It may be said upon this evidence, as said in the Ferguson Case, supra:
"The fact that the will was last seen in the custody of the testator, and was not found after his death in its accustomed place, constituted a cogent circumstance tending to prove its revocation. Indeed, the failure to find a will last seen in the control of the testator raises a presumption that it was destroyed by him for the purpose of revoking it."
As stated in section 388, 28 R. C. L. 385, the rule as to this is that "the evidence to overcome the presumption that a lost will was destroyed by the testator animo revocandi must be clear, satisfactory and convincing."
While section 4833, Kentucky Statutes, requires the revocatory acts, to which it alone gives effect, to be done by the testator himself, or caused to be done by him in his presence, and although, further, there was here no express or statutory revocation, because of the absence of any evidence tending to show that the will was destroyed by the testator himself, or caused by him to be destroyed in his presence, the rule yet applies that the intention to revoke must be inferred from the cogent circumstances tending to prove its revocation, that the will was last seen in the custody of the testator and was not found after his death in its accustomed place. Steele v. Price et ux., 44 Ky. 58, 5 B. Mon. 58.

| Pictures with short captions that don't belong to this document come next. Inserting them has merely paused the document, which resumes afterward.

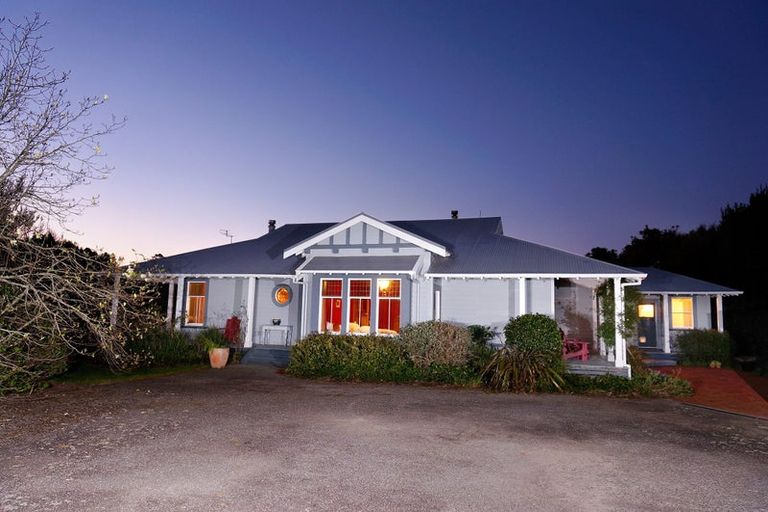 Photo of property in 126 Awai Road, Tarurutangi, New Plymouth, 4372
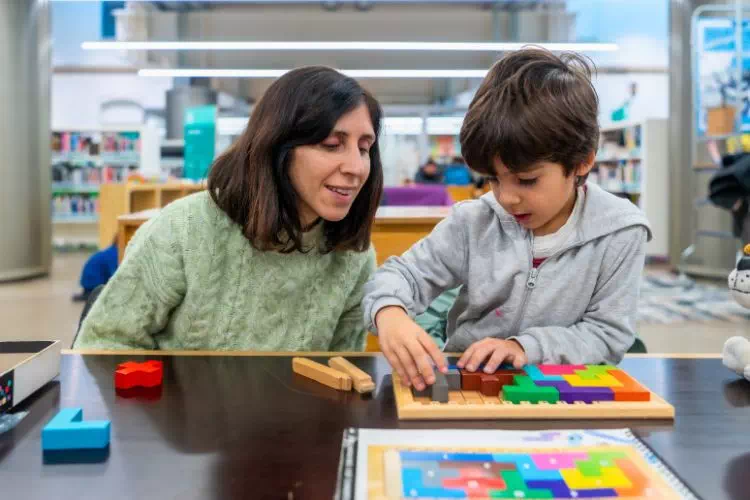 Éducatrice avec un enfants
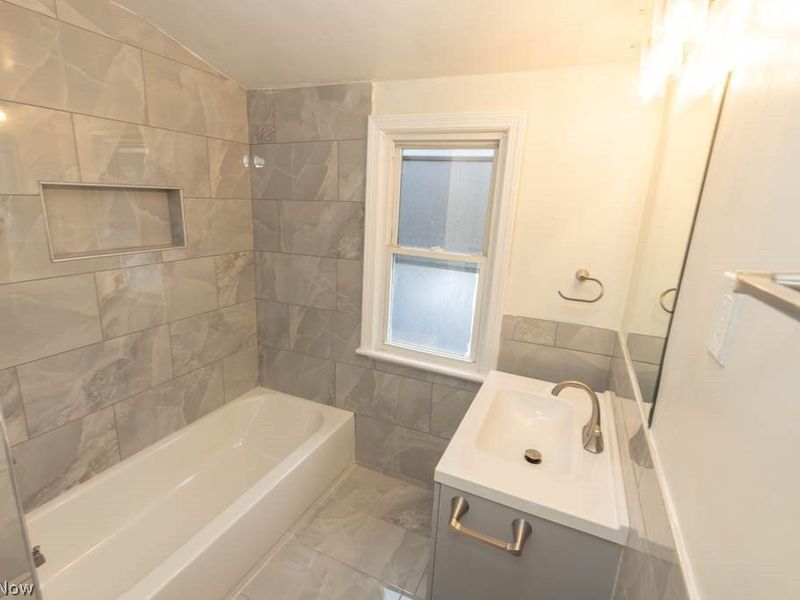 1722 Hawthorne Drive, Mayfield Heights, OH 44124 Photo 20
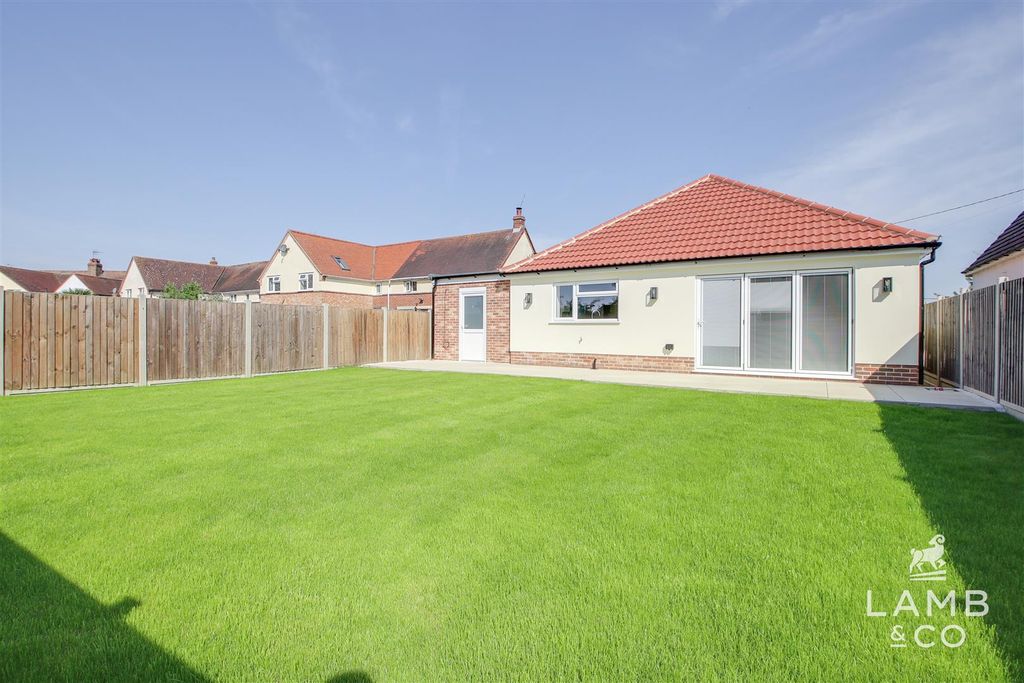 Property photo 2 of 22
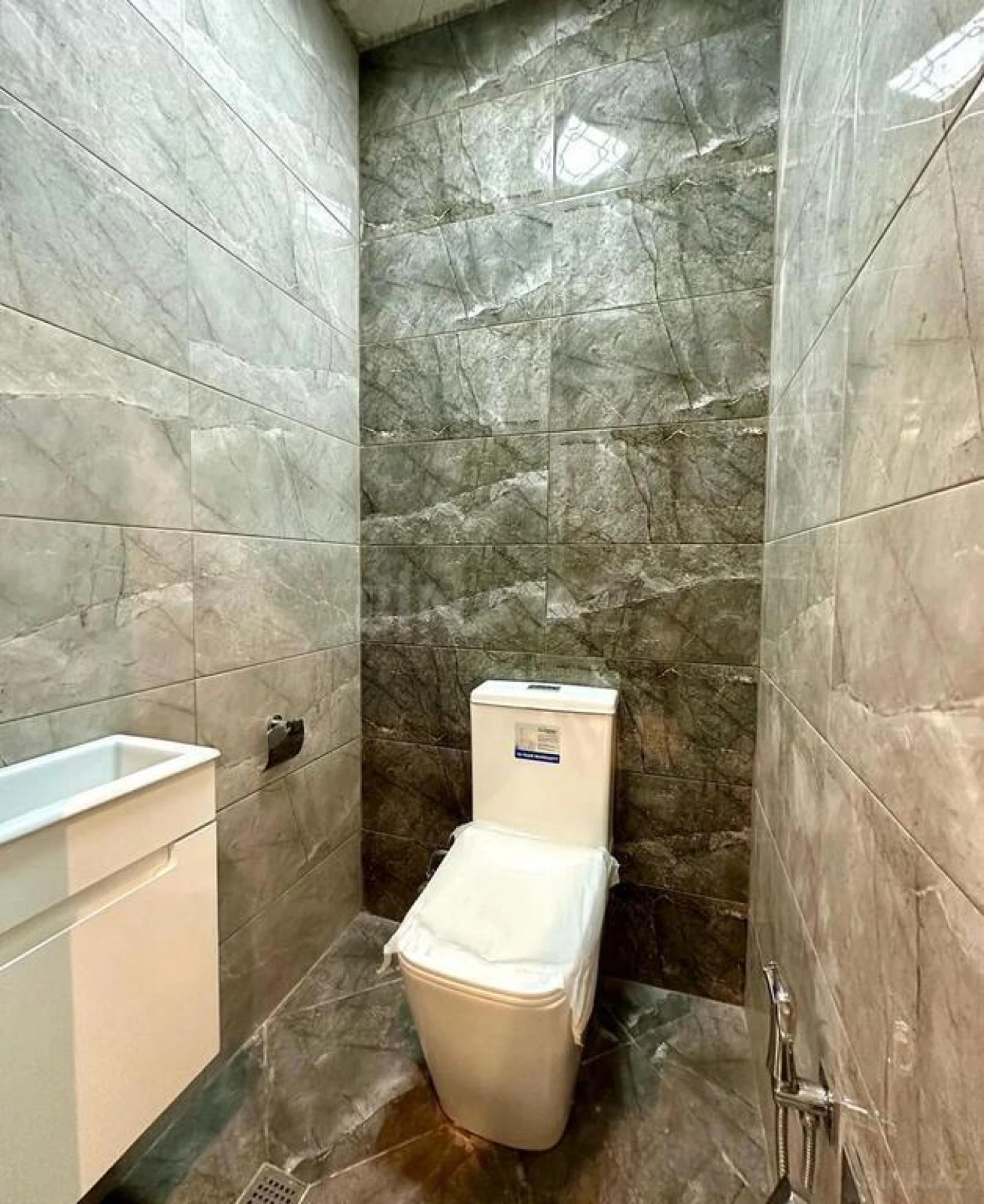 Satılır 2 otaqlı mənzil 90 m²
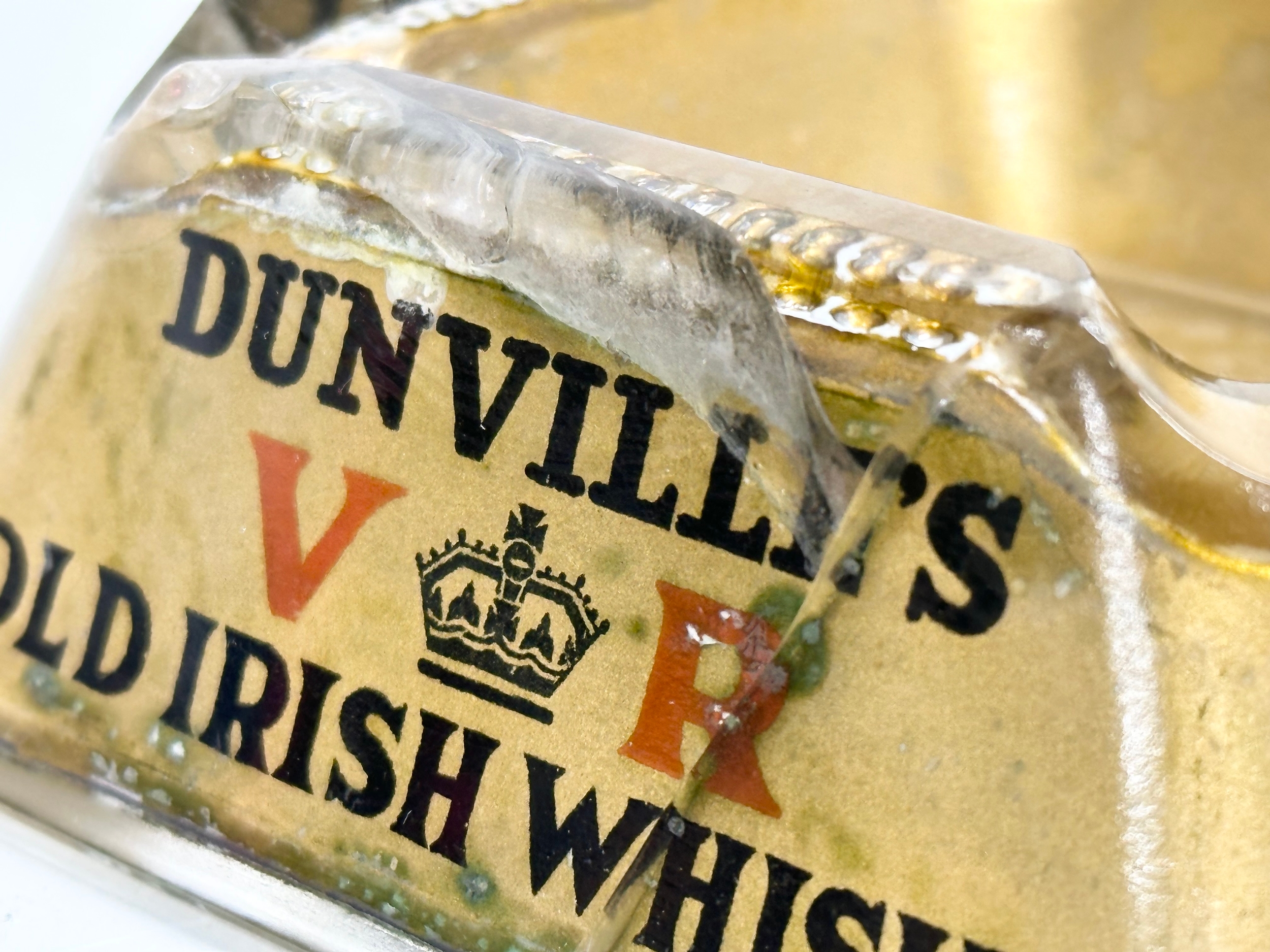A rare Dunville’s Old Irish Whisky glass ashtray. 11.5x11.5x4cm - Image 5 of 6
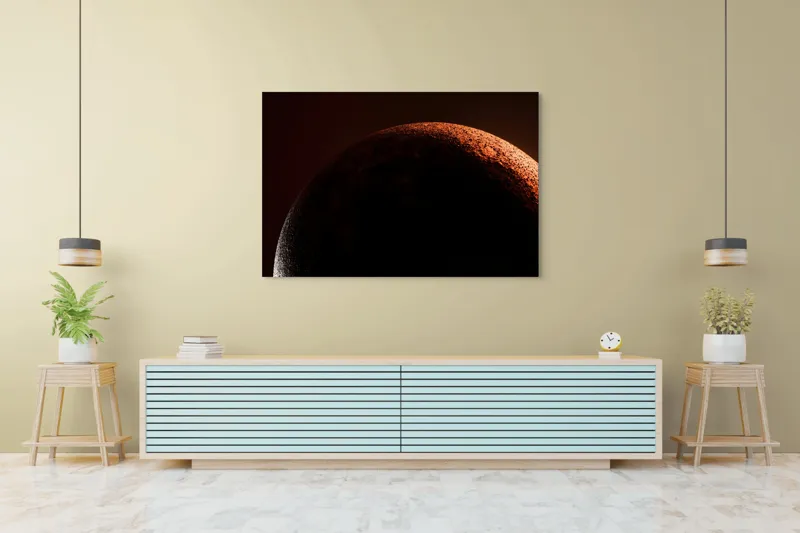Tablou Canvas, "Umbră cosmică pe un cer roșu", Planeta, Umbre, Roșu, Mister, Suprafețe, Contrast, Lumină, Spațiu, 150 x 100 cm – poza 6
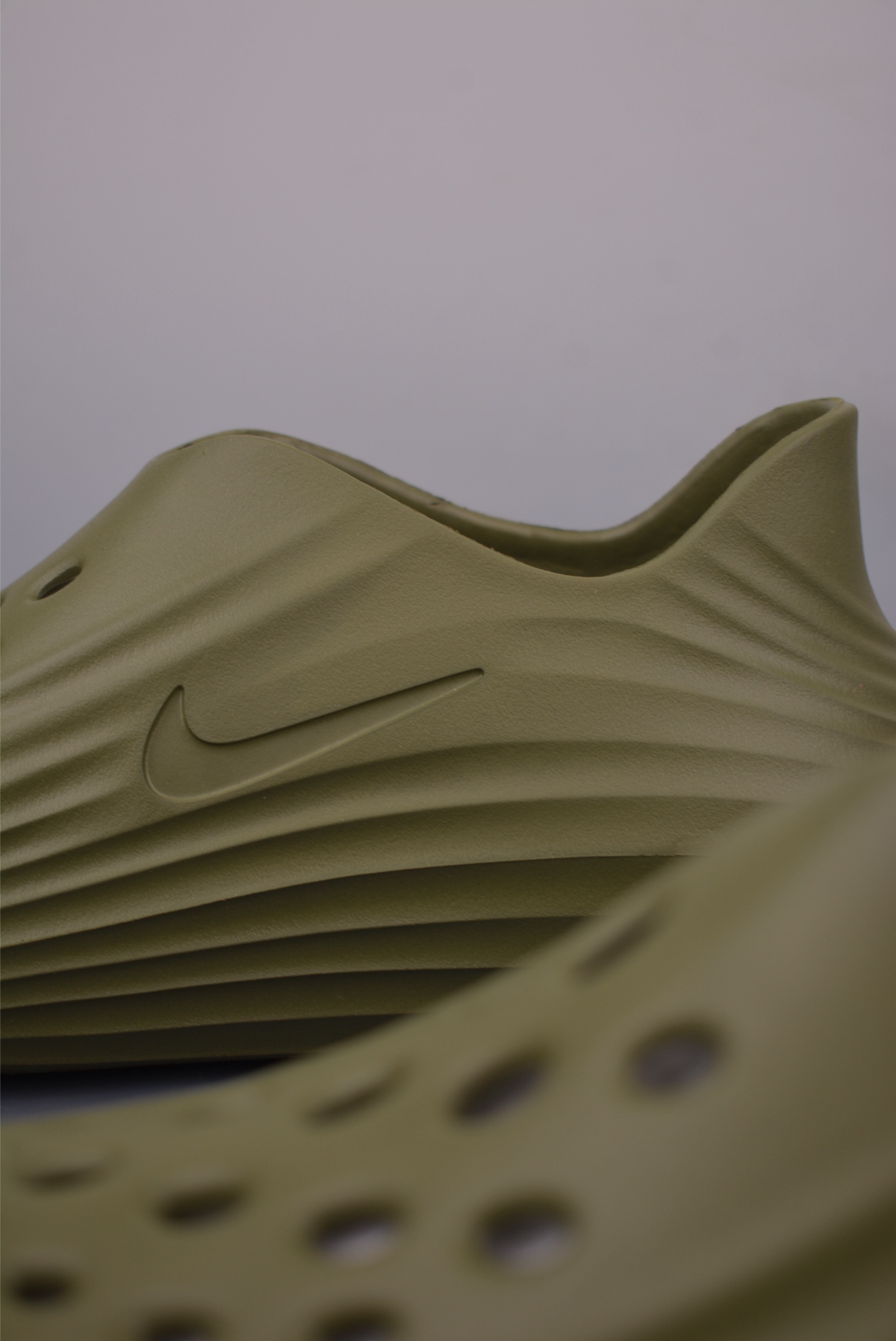 Nike ReactX Rejuven8 Olive Green Sandals: Exceptional Comfort for Summer 8 i1754165765456 3408 0 7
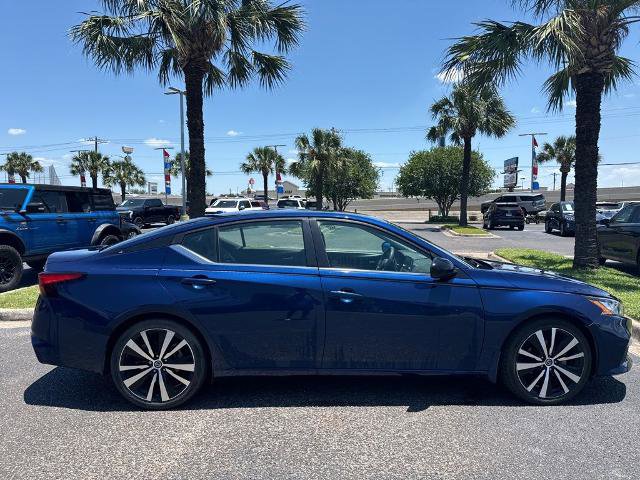 Used 2021 Nissan Altima 2.5 SR FWD image 6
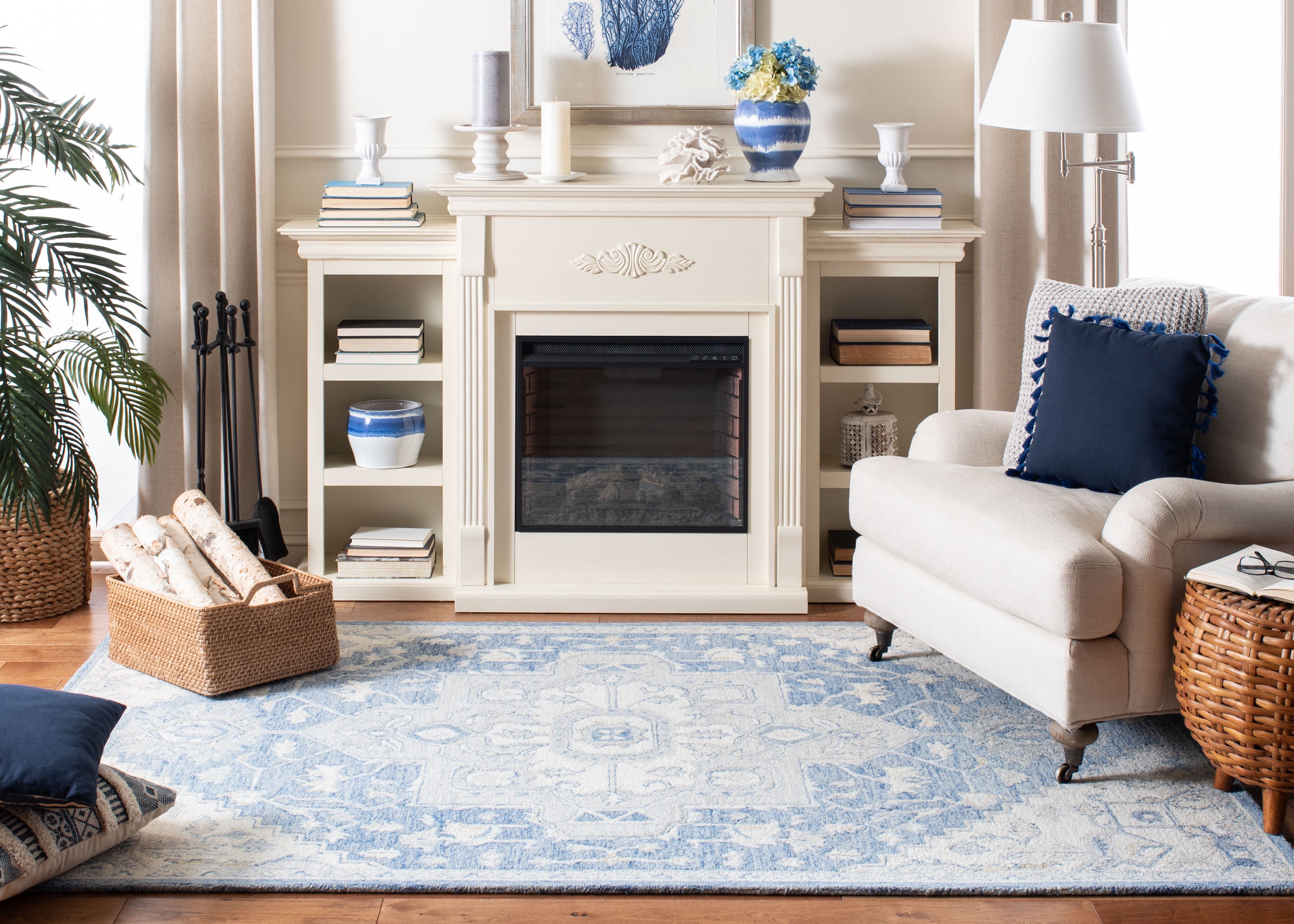 Safavieh Micro-Loop Braylon Floral Area Rug, Blue/Ivory, 3' x 5'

Wherefore, we are of the opinion, for the reasons stated, that the judgment of the Knox circuit court, reversing that of the Knox county court and ruling that the papers offered in evidence as the lost will and codicil of the deceased, Alexander Sevier, were not sufficiently shown by the evidence to be his last will and codicil thereto and that he departed this life intestate, should be, and it is, affirmed.